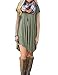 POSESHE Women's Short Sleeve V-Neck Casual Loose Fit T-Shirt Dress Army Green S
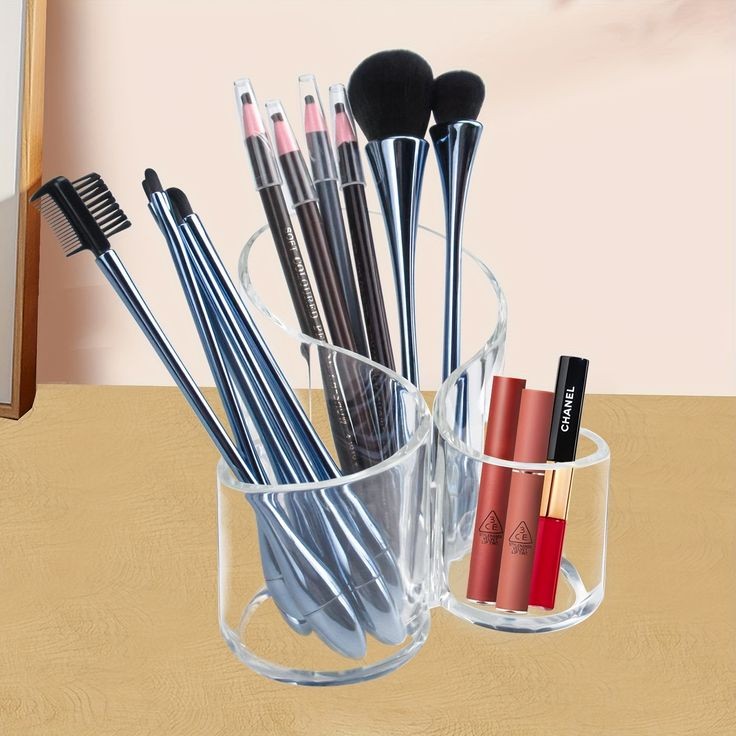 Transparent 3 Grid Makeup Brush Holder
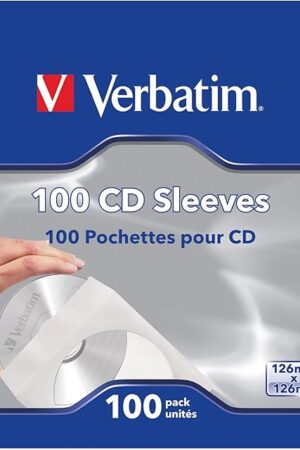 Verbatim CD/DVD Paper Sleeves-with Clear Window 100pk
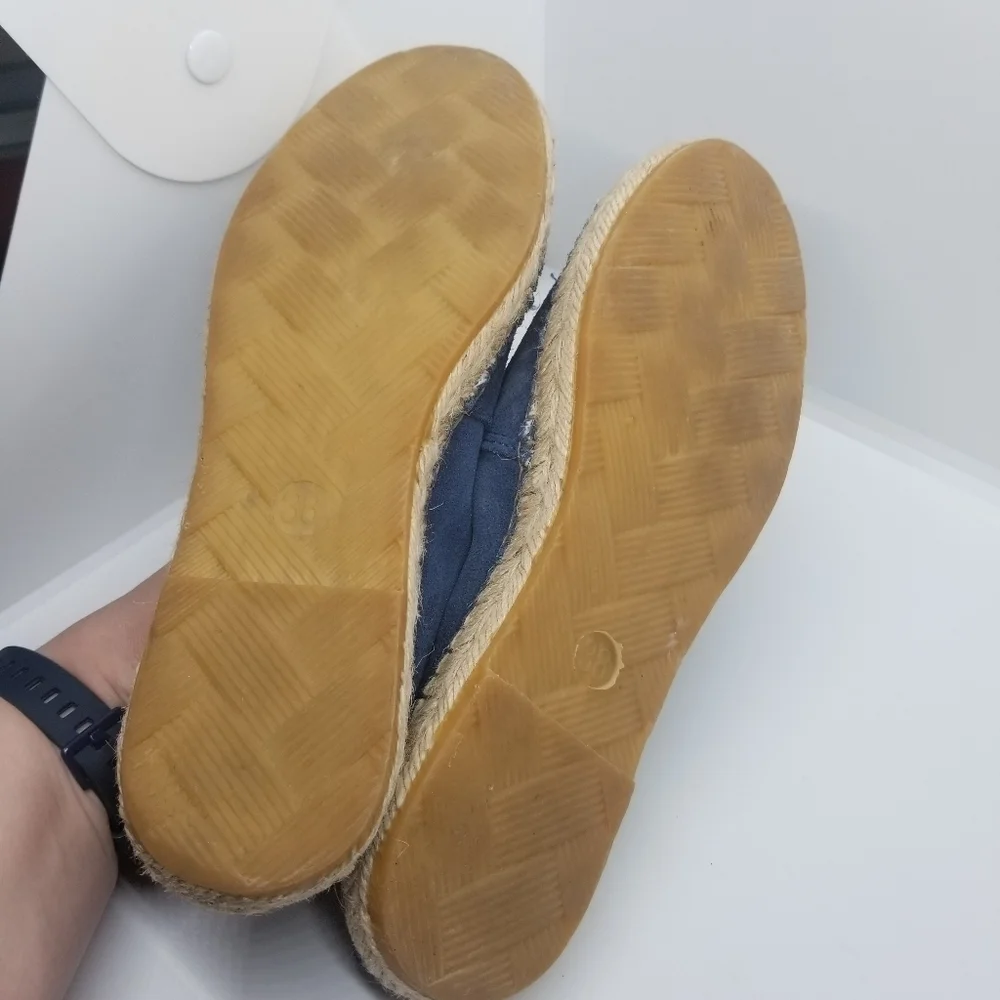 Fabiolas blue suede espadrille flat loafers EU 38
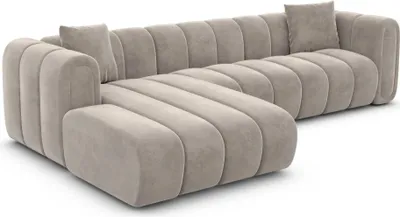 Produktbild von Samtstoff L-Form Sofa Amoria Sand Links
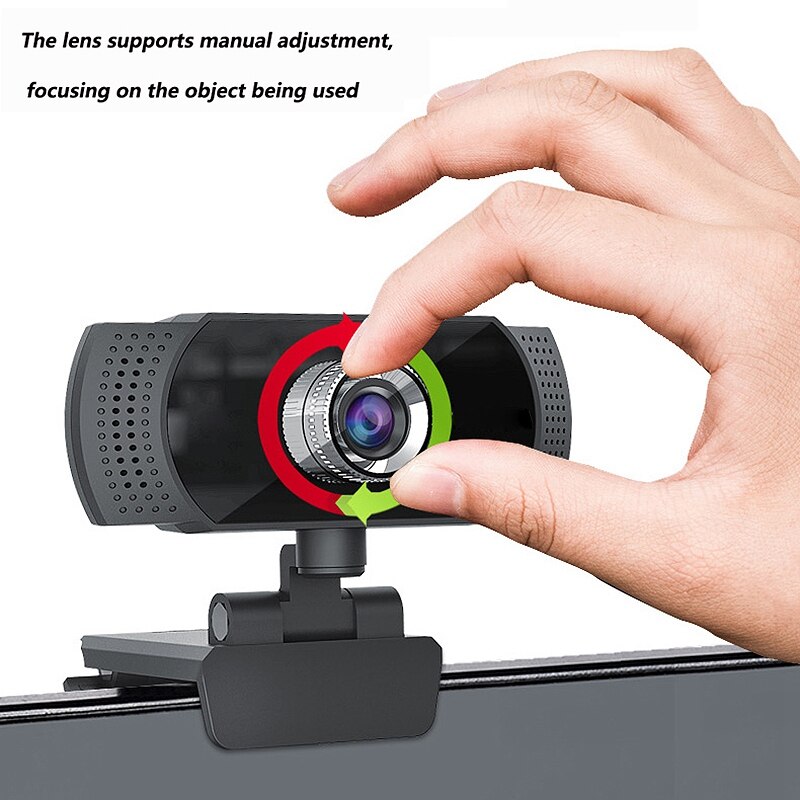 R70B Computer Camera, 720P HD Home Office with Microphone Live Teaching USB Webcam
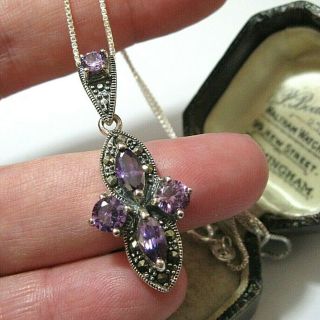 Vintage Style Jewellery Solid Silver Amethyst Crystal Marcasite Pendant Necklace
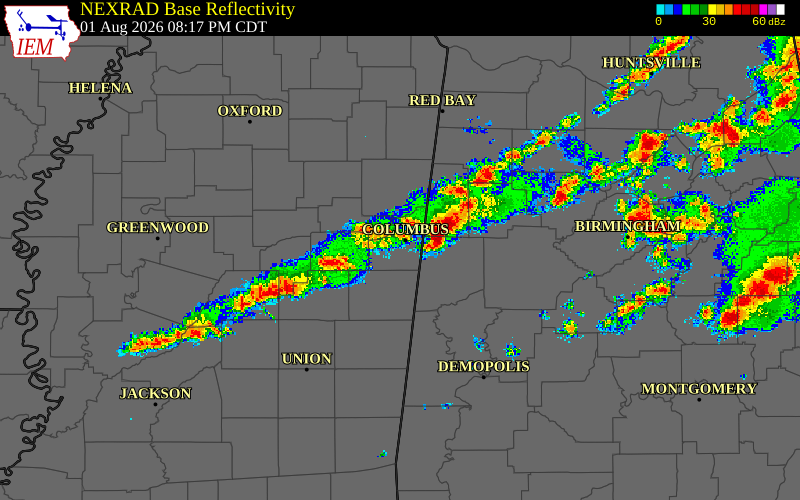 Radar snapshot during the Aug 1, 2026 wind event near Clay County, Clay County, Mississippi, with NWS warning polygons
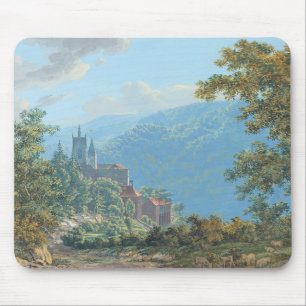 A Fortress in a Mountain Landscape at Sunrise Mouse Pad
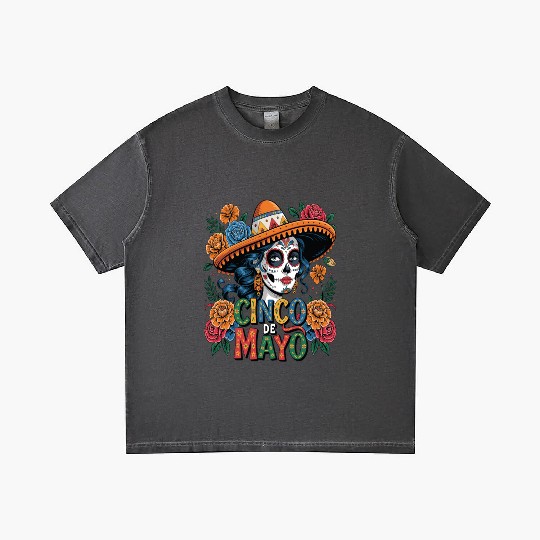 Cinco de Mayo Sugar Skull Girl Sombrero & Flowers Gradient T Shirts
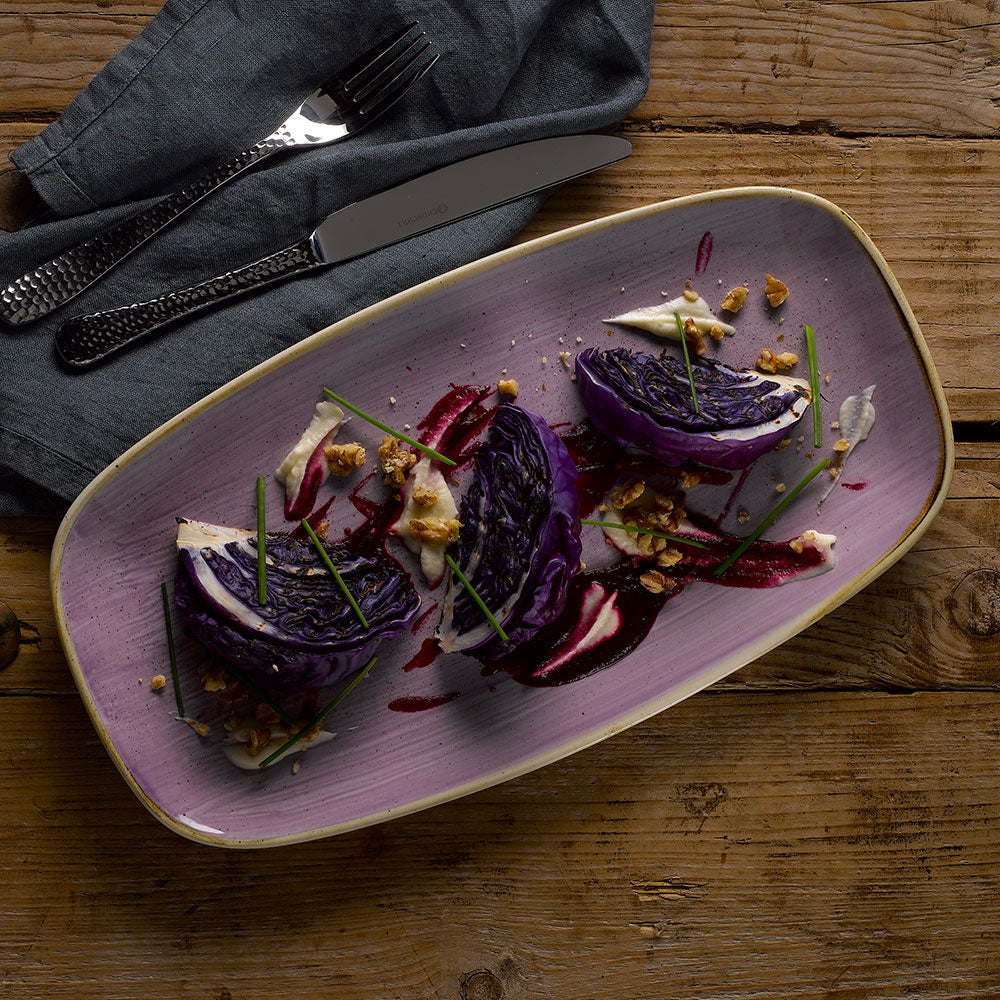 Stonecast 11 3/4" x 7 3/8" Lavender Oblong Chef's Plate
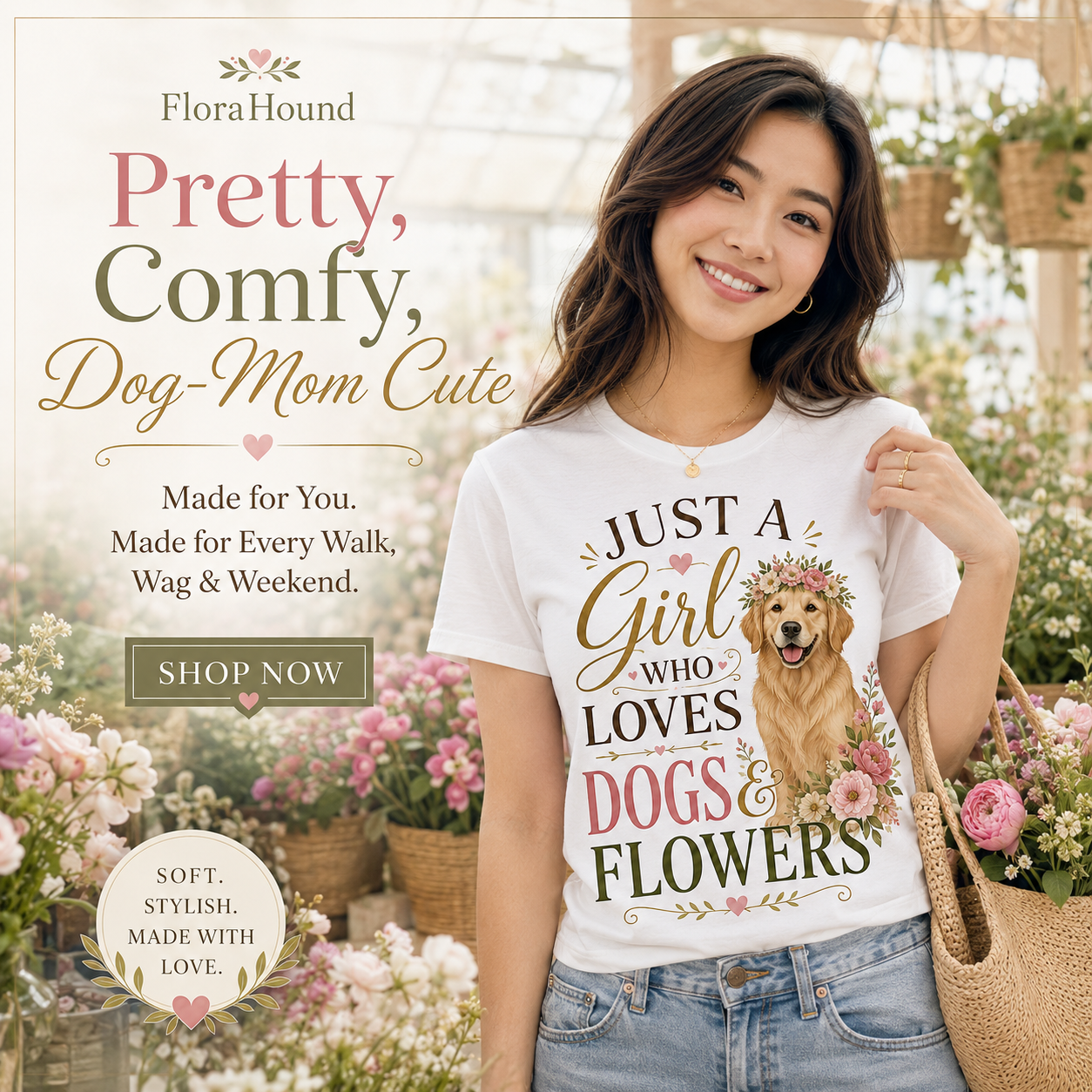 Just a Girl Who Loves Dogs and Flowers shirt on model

———

— Task directions —
Set down all the lines above exactly as they appear, with no pictures.

— Final answer —
 POSESHE Women's Short Sleeve V-Neck Casual Loose Fit T-Shirt Dress Army Green S
 Transparent 3 Grid Makeup Brush Holder
 Verbatim CD/DVD Paper Sleeves-with Clear Window 100pk
 Fabiolas blue suede espadrille flat loafers EU 38
 Produktbild von Samtstoff L-Form Sofa Amoria Sand Links
 R70B Computer Camera, 720P HD Home Office with Microphone Live Teaching USB Webcam
 Vintage Style Jewellery Solid Silver Amethyst Crystal Marcasite Pendant Necklace
 Radar snapshot during the Aug 1, 2026 wind event near Clay County, Clay County, Mississippi, with NWS warning polygons
 A Fortress in a Mountain Landscape at Sunrise Mouse Pad
 Cinco de Mayo Sugar Skull Girl Sombrero & Flowers Gradient T Shirts
 Stonecast 11 3/4" x 7 3/8" Lavender Oblong Chef's Plate
 Just a Girl Who Loves Dogs and Flowers shirt on model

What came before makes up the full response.